District 2 Fulton County Board of Education member Katie Reeves said she hopes residents will approve the education special-purpose local-option sales tax (ESPLOST) in a November voter referendum when it’s up for renewal.

“This tax has allowed for all this wonderful technology and construction turnkey debt-free. It’s allowed us to be a debt-free school system,” Reeves said of the 1% levy. “We are required to have a capital plan. We have the capital plan that’s necessary to keep our district going with all 15 million square feet.

“The capital plan has already been voted on. This is just the recommended way to fund the capital plan. We must find a way to fund it.”

Reeves spoke at the board’s June 17 meeting at the South Learning Center in Union City, where the group voted 7-0 to approve a resolution to call for an intergovernmental agreement between the district and the Fulton Department of Registration and Elections to put ESPLOST VI on the Nov. 2 ballot as a referendum.

ESPLOST V will end June 30, 2022, so the next one must be approved in November for it to continue the day after the old one expires.

According to a document posted to the district’s website, the next ESPLOST, if approved, will provide an estimated $1.8 billion in net tax proceeds for the Atlanta and Fulton school districts over a five-year period, with Atlanta getting $618 million and Fulton $1.2 billion.

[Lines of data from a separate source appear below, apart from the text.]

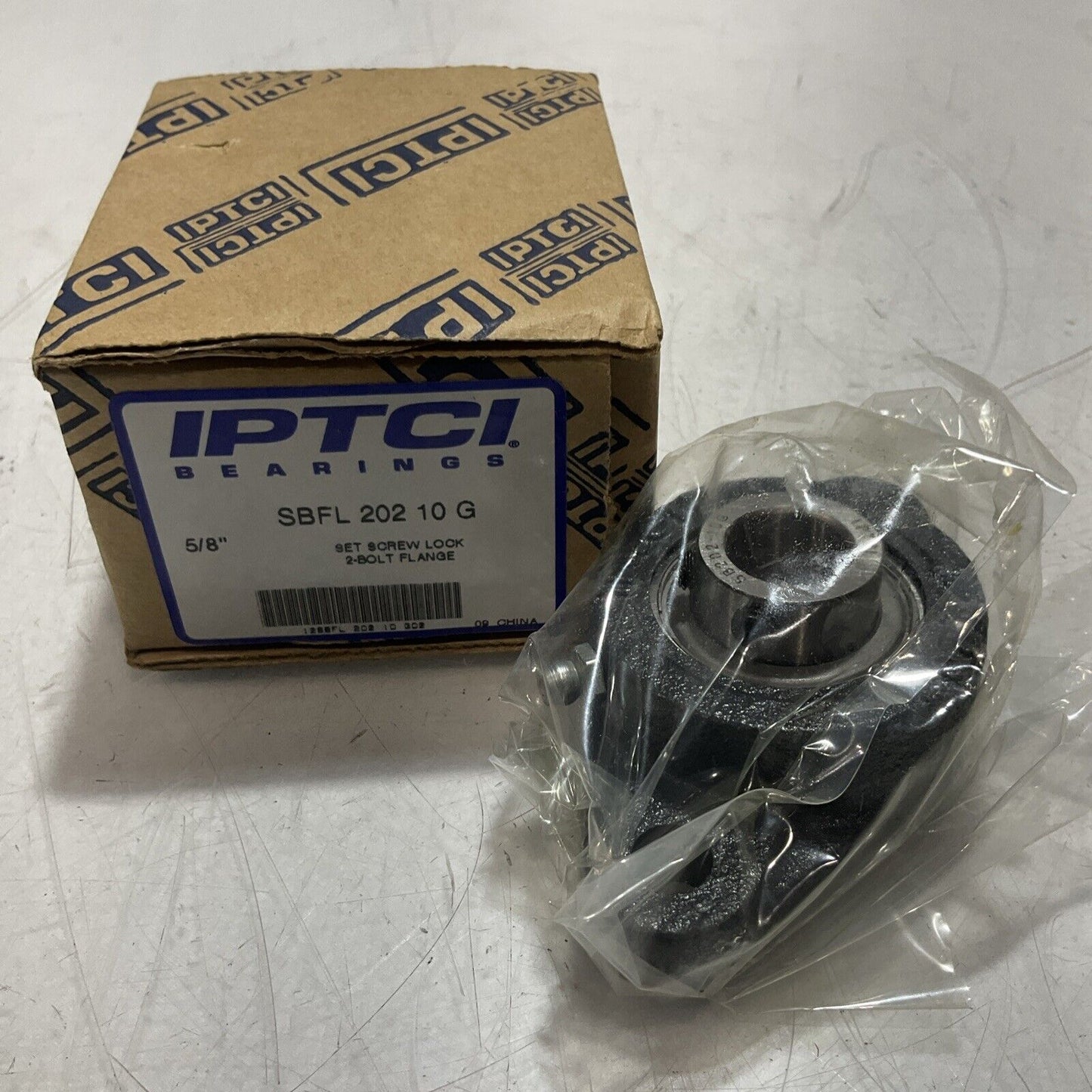 IPTCI BEARINGS   SBFL20210G  BLOCK FLANGE  2-BOLT BEARING  U3S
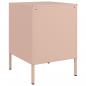 Preview: Nachttisch Rosa 36x39x50,5 cm Stahl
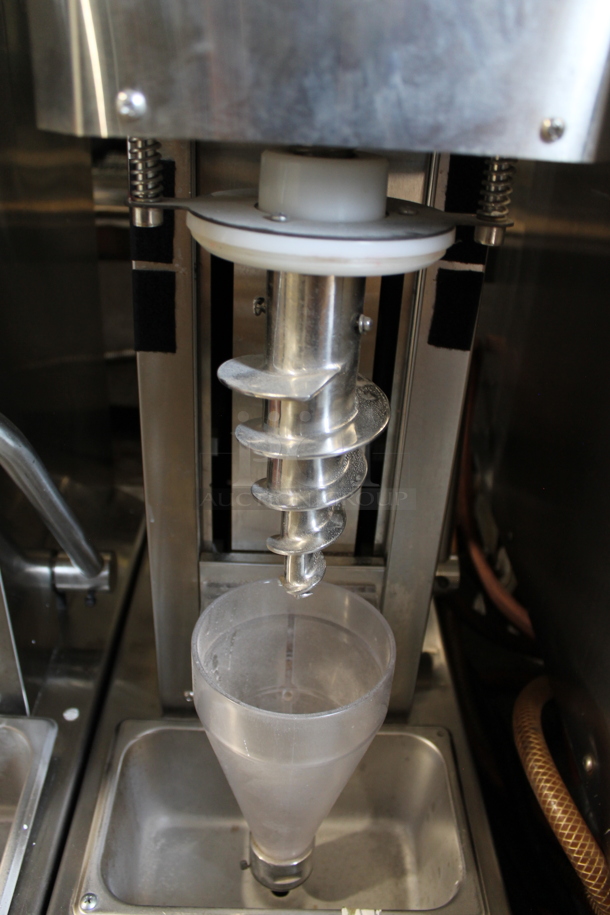Vevor BJB7150T Stainless Steel Commercial Countertop Frozen Yogurt / Ice Cream Milkshake Mixer. 110 Volts, 1 Phase. Tested and Working! - Image 2 of 3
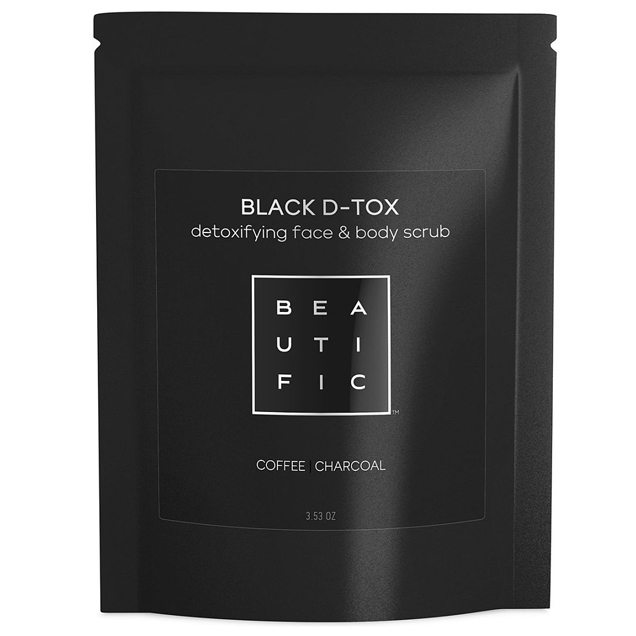 Beautific Black DTox Detoxifying Face And Body Scrub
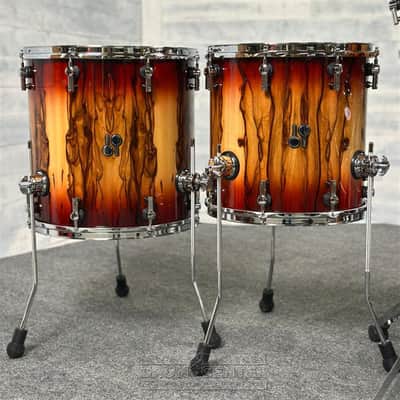 Sonor SQ2 Beech 5pc Drum Set Red Burst over African Marble Gloss image 4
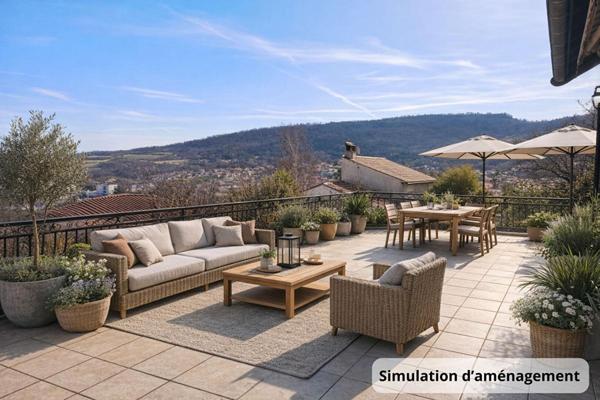 Maison familiale lumineuse à rénover - Romagnat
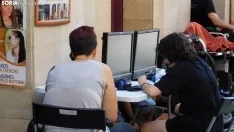 Una imagen del rodaje de la serie este miércoles. /SN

It will pay for new school land acquisition and construction, existing school repairs and maintenance, facilities such as playgrounds and athletic fields, furniture, equipment such as computers and software and transportation. Marvin Dereef, the district’s chief financial officer, said Fulton has used ESPLOST funds to pay for capital plan costs since 1997, the year after the tax was approved by the Georgia General Assembly.

“Pursuing reauthorization will provide the most benefits and least burdens for taxpayers,” he said.

ESPLOST V was approved in the May 2016 primary election with 77.16% voting yes.

At its June 8 work session at the North Learning Center in Sandy Springs, the board voted to approve its $1.6 billion 2021-22 academic year budget. But the board still must approve its millage rate, which is anticipated to remain at the same level as 2020-21 (17.796). The board is expected to approve the millage rate at its July 13 meeting.